One version of a single payer system is called “Medicare for All.” The concept is simple: Eliminate the eligibility age for Medicare. One argument for this approach is that Medicare administrative costs are far below that of private insurance companies. Although debatable, Medicare places its administrative costs at about 2%. This compares to an average of over 15% for private health insurance companies.
In the category of lies, damned lies, and statistics, one must watch out for the math as it pertains to the cohort served by Medicare versus those served by private health insurance companies. The cost of caring for people 65 and older, Medicare’s cohort, averaged $6,600 per person in 2003. The average for privately-insured individuals that year was $2,700. Simple math tells you that the 2% administrative cost figure is lower partly as a result of the higher per capita cost to provide health care to senior citizens.
There are other items not counted in the 2% figure for Medicare’s admin costs, such as the cost of the IRS acting as Medicare’s collection agency and the cost of working capital (cash used to fund operations), which is borne by the U.S. Treasury. The Council for Affordable
Health Insurance has an interesting white paper called “Medicare’s Hidden Administrative Costs: A Comparison of Medicare and the Private Sector.”
The biggest issue ignored by a simple slogan like “Medicare for All” is that Medicare pays health care providers significantly reduced rates for doctor visits, diagnostic tests, treatments, hospital stays, and therapy. These health care providers balance their books on the backs of privately-insured patients. No hospital can survive solely on the payments received by Medicare, which are less than the cost of providing the services.
I touch on these issues to illustrate the complexities in the arena of health care finance that are often overlooked by advocacy groups that cannot be overlooked by responsible legislators when crafting solutions to the problem of high costs.
So what is being proposed by the governor and our
Beacon legislative leadership? A concept called the Global Payments System. Seems like a plan that might help us find our way to a solution to high health care costs. (At least the initials, GPS, would imply that.) Hill
The idea is for providers to form coalitions that offer health care, starting with a primary care physician (PCP) and including all facets of health care providers, from diagnostic centers to specialists to hospitals to therapeutic and chronic care practices.

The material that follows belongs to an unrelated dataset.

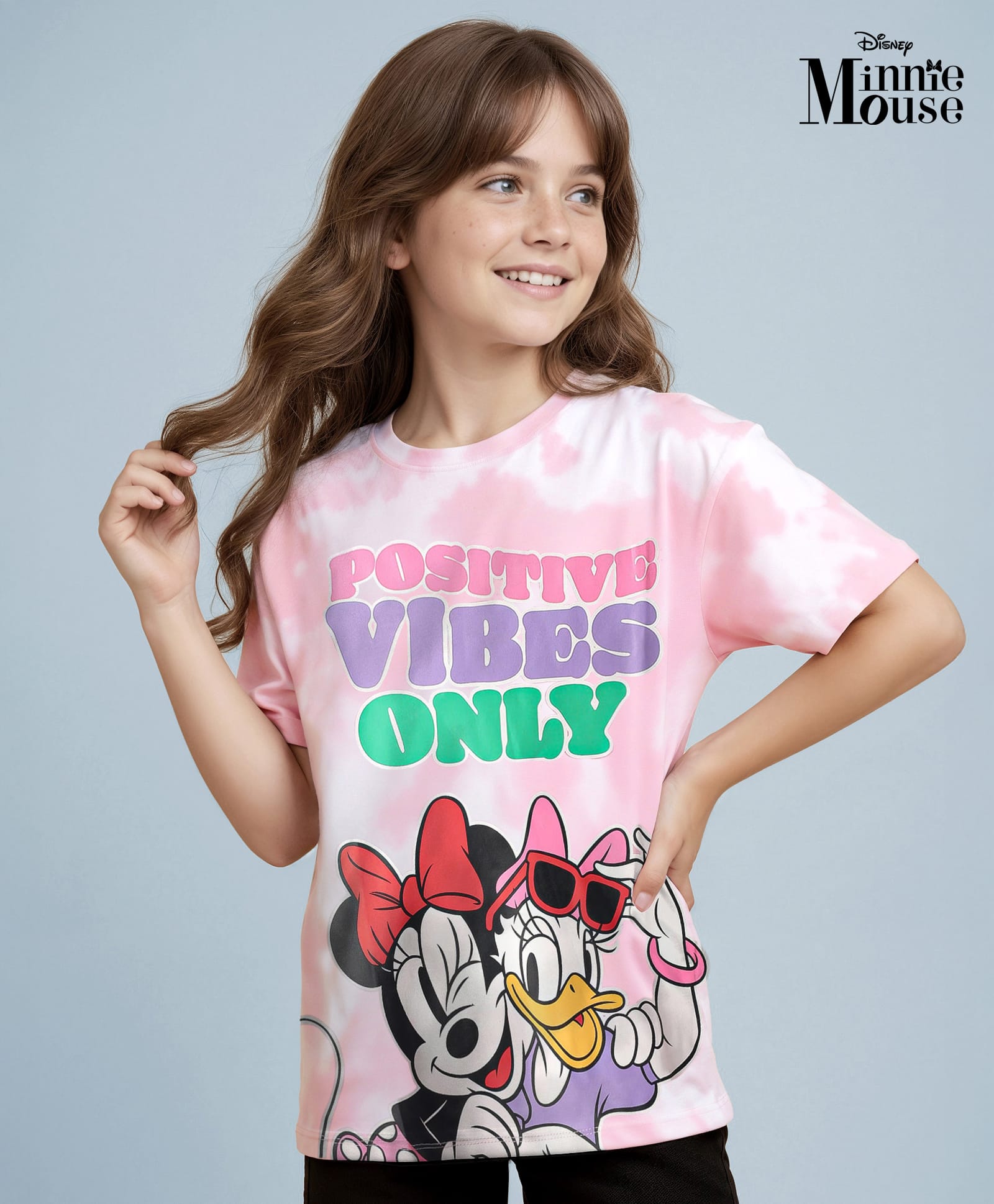 Pine Kids Disney Single Jersey Knit Half Drop Shoulder Sleeves Tie & Dye Oversized T-Shirt with Minnie Mouse Graphics - Pink-picture-20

The popular term for these health care provider groups is Accountable Care Organization, or ACO. That has replaced MCO, Managed Care Organization, and its subset,
HMO, Health Maintenance Organization.
These ACOs would then be paid a fixed amount of money by health insurance companies to care for their enrollees. A qualitative calculation would be made to offer bonuses to those ACOs whose populations are healthier than some standard that will be established by a government agency.
Being a fan of Back To The Future and the many quips attributed to Yogi Berra (“it’s déjà vu all over again” being one of them), I was moved to dust off my
HMO financing book, circa 1973.
At that time, this concept was called capitation.
HMOs were paid a fee per enrollee and encouraged to keep everyone healthy, because if they weren’t kept healthy, the cost of treating sick people would come out of the profits of the health care provider, not the insurance company. In effect, the risk was shifted from insurance companies to doctors and hospitals. Each doctor became a miniature insurance company, having to weigh the cost saved by not ordering a diagnostic test against the possibility that the patient might have a more serious condition that would cost the HMO even more money down the road.
After years of frustrated patients trying to get primary care physicians to make referrals to specialists, PPOs (Preferred Provider Organizations) were born because people were willing to pay more to have a choice of doctors rather than dealing with the gate keeping PCP.